Records drawn from a dataset

──────────

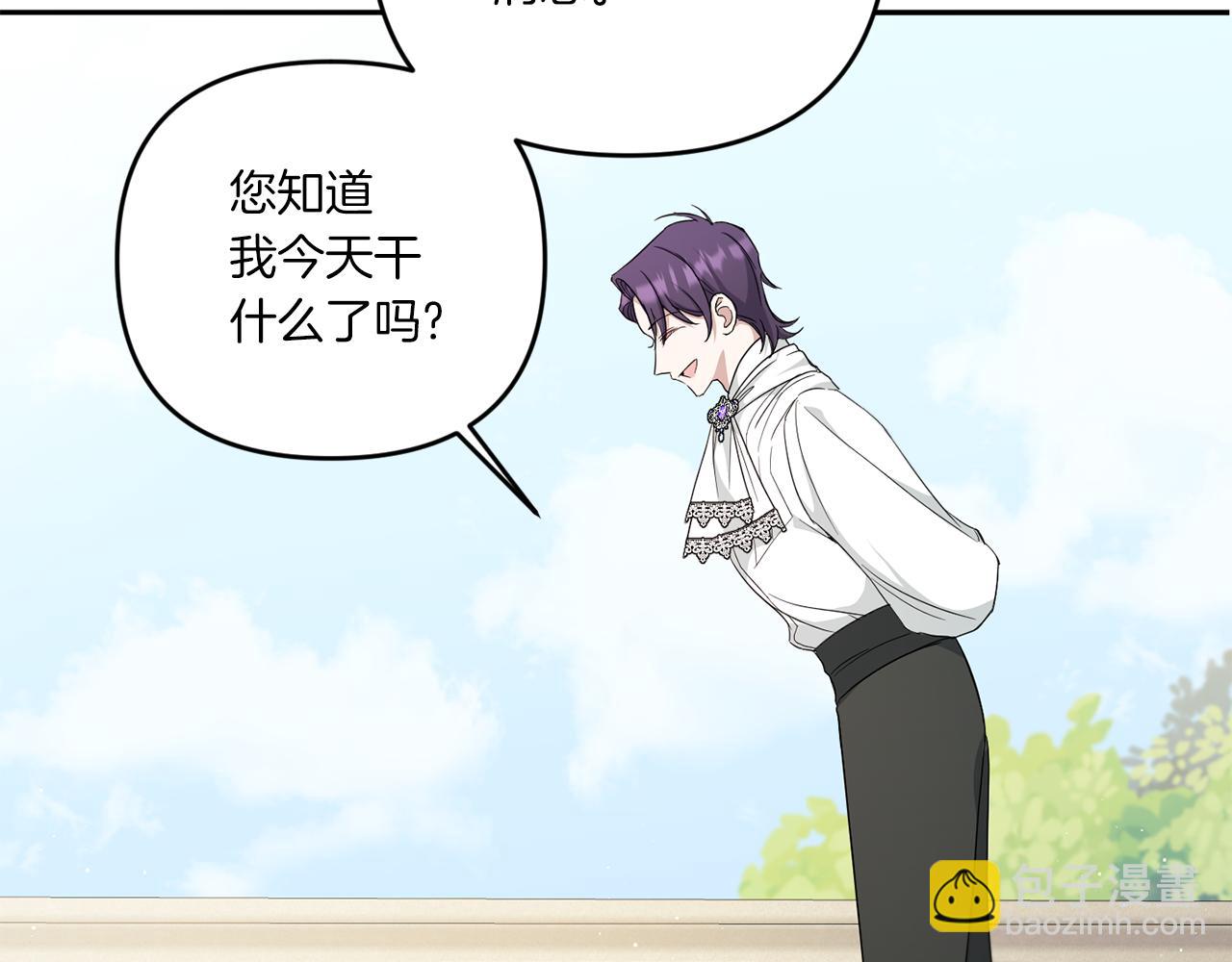 第41话 复仇103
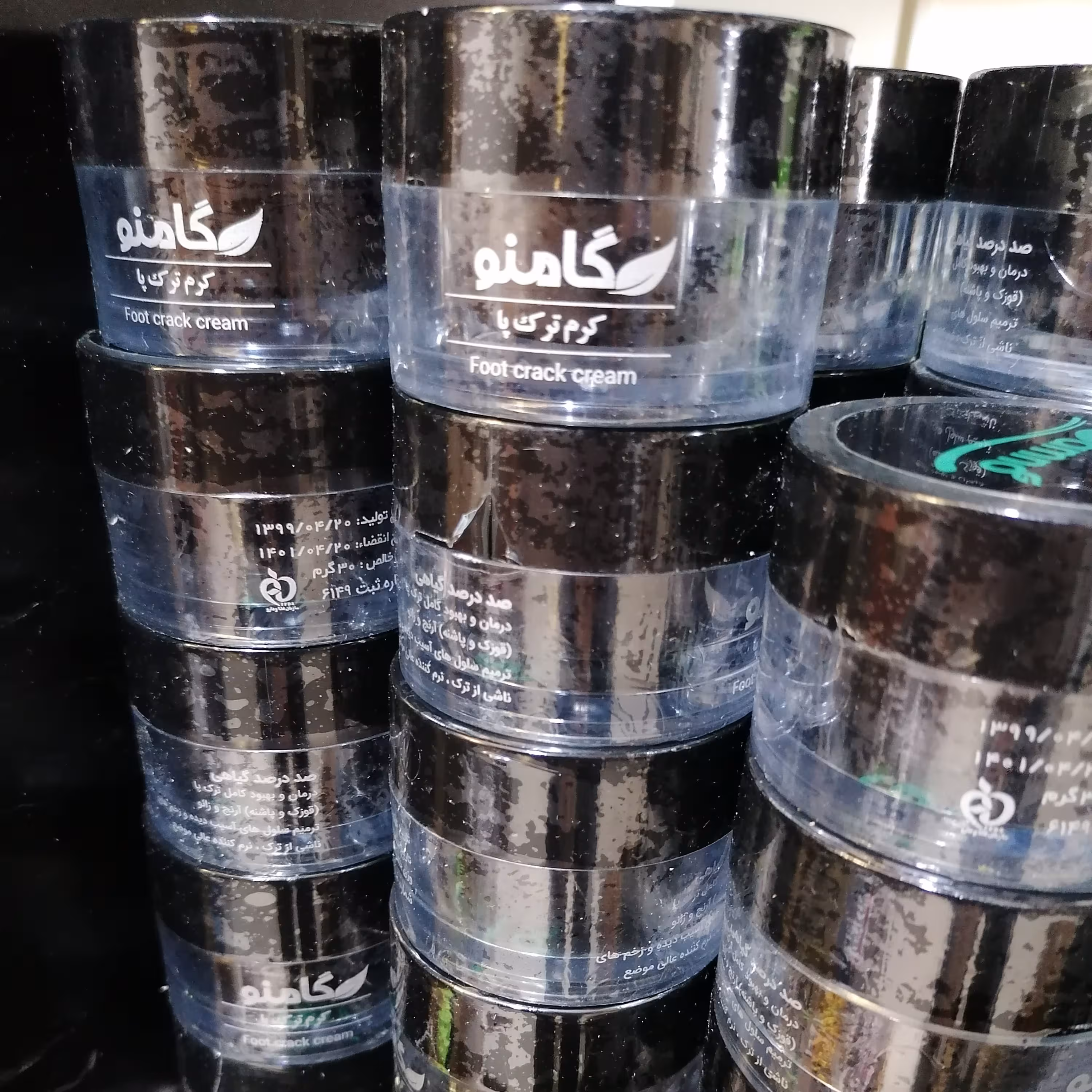 کرم ترک پا گامنو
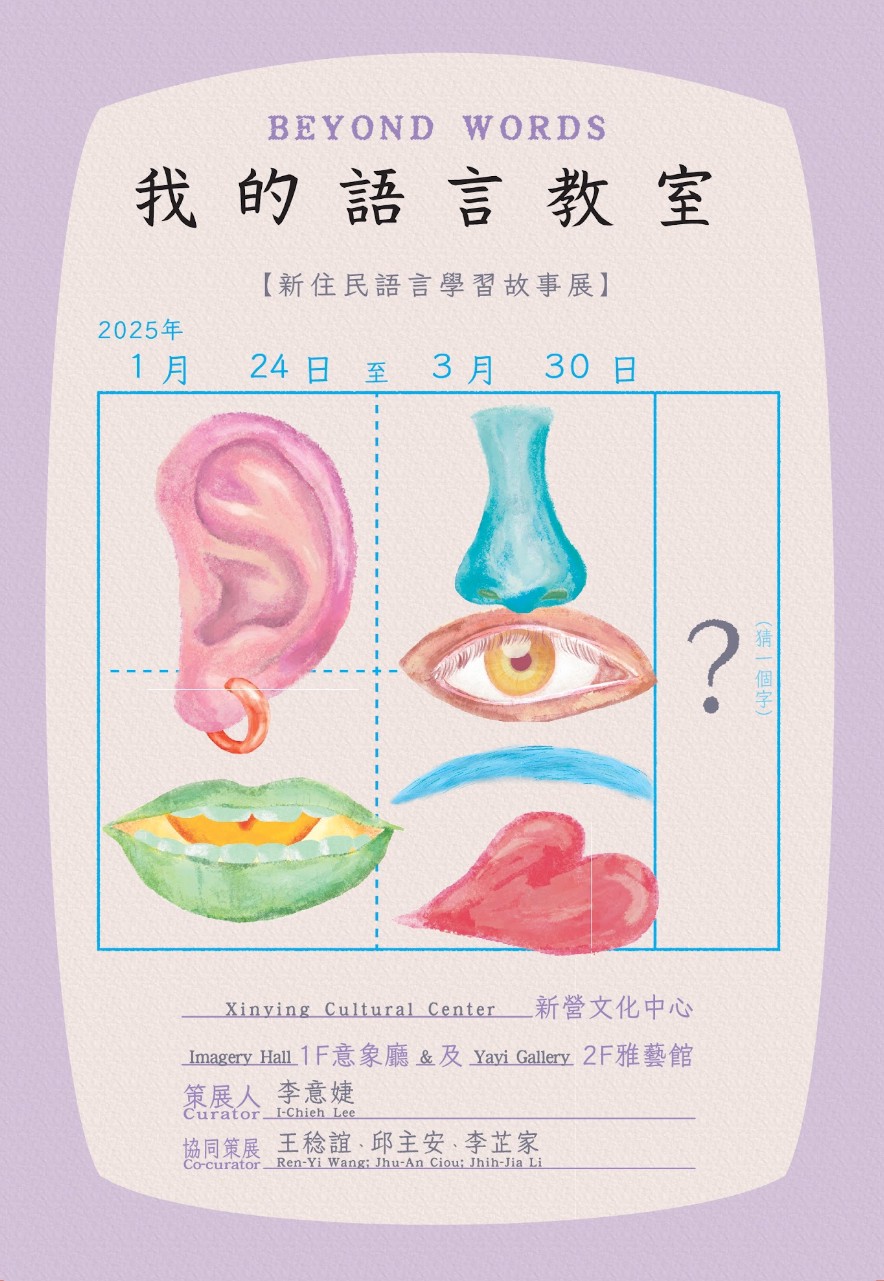  《我的語言教室：新住民語言學習故事展》🎟️開幕活動●深度導覽🎟️線上免費報名參加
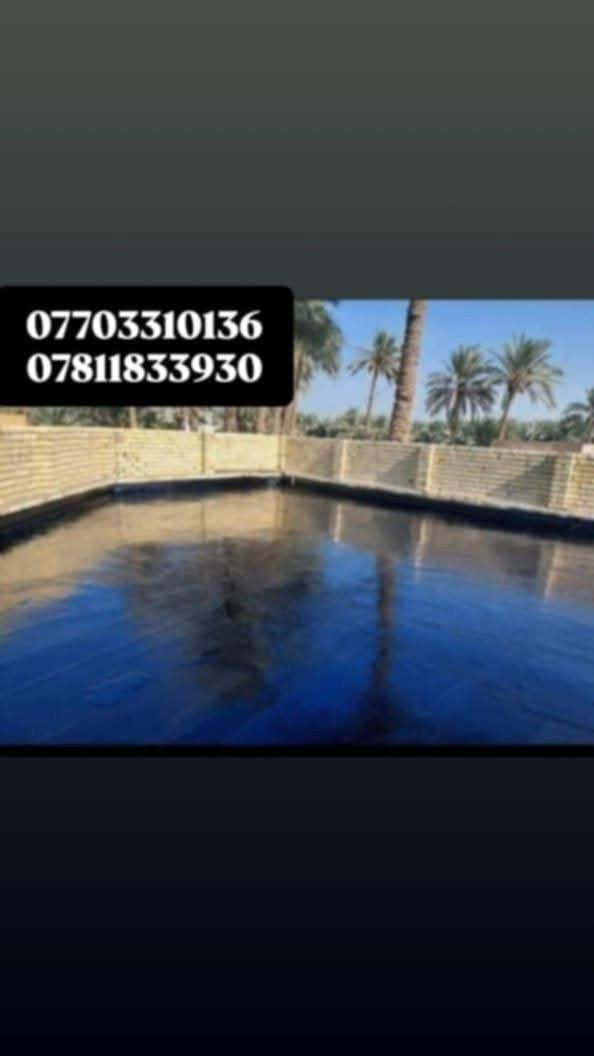سكلة سيد سيف*  
_عزل صح... راحة بال مدى العمر_
عازل للرطوبة أصلي، احمي بيه سطح بيتك
 بتلو بكير ما ينكسر، وجير 100% مضمون.  
شغل كرسته وعمل بإيد *كادر محترف ذو خبرة*.

*السعر:* 65,000 دينار للبرميل  
*اتصل:* ***********
*********** 

_شغل يعيش... مو يتصلح كل سنه
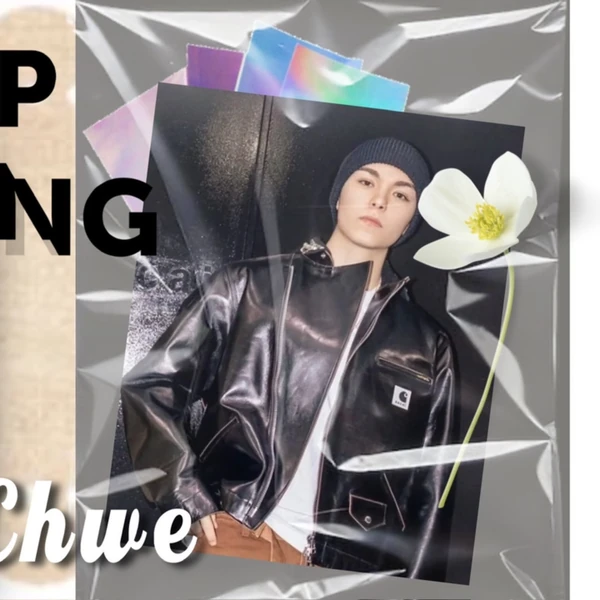 Fans' Pick: Best Moment of Vernon (SEVENTEEN)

──────────

■ **WORK REQUEST**: Could you write the entries out again exactly, without their pictures?

■ **EXERCISE RESULT**:
 第41话 复仇103
 کرم ترک پا گامنو
  《我的語言教室：新住民語言學習故事展》🎟️開幕活動●深度導覽🎟️線上免費報名參加
سكلة سيد سيف*  
_عزل صح... راحة بال مدى العمر_
عازل للرطوبة أصلي، احمي بيه سطح بيتك
 بتلو بكير ما ينكسر، وجير 100% مضمون.  
شغل كرسته وعمل بإيد *كادر محترف ذو خبرة*.

*السعر:* 65,000 دينار للبرميل  
*اتصل:* ***********
*********** 

_شغل يعيش... مو يتصلح كل سنه
 Fans' Pick: Best Moment of Vernon (SEVENTEEN)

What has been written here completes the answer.